## Information shown
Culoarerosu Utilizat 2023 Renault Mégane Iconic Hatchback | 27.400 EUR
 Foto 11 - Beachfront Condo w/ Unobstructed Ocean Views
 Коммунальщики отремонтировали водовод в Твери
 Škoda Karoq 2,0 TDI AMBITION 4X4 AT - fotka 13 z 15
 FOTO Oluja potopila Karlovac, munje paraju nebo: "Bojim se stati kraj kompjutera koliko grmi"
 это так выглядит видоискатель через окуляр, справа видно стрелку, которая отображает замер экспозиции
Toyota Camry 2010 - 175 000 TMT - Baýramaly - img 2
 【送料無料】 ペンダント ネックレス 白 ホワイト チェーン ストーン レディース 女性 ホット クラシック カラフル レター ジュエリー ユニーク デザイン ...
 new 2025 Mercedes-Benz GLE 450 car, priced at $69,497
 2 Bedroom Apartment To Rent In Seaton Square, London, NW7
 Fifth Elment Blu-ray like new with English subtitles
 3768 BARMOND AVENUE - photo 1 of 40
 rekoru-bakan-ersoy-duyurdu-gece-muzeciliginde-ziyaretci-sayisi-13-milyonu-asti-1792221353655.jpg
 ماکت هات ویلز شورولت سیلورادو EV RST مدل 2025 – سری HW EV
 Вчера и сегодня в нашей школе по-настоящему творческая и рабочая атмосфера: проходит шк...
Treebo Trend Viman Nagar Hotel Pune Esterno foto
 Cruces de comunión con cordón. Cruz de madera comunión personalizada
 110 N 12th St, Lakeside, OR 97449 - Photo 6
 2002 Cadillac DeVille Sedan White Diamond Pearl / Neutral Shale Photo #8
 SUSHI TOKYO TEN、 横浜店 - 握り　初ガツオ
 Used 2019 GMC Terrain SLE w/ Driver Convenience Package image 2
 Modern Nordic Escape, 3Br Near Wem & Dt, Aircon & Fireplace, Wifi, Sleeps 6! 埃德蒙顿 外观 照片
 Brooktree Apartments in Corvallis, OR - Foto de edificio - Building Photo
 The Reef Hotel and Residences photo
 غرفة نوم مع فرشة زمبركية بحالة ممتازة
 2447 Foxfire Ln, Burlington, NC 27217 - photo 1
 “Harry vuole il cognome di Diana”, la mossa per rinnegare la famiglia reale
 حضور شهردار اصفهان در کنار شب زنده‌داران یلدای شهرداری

## Aim of the exercise
Please return each line of the data above in which the word "Hotel" occurs.

## Answer section
Treebo Trend Viman Nagar Hotel Pune Esterno foto
 The Reef Hotel and Residences photo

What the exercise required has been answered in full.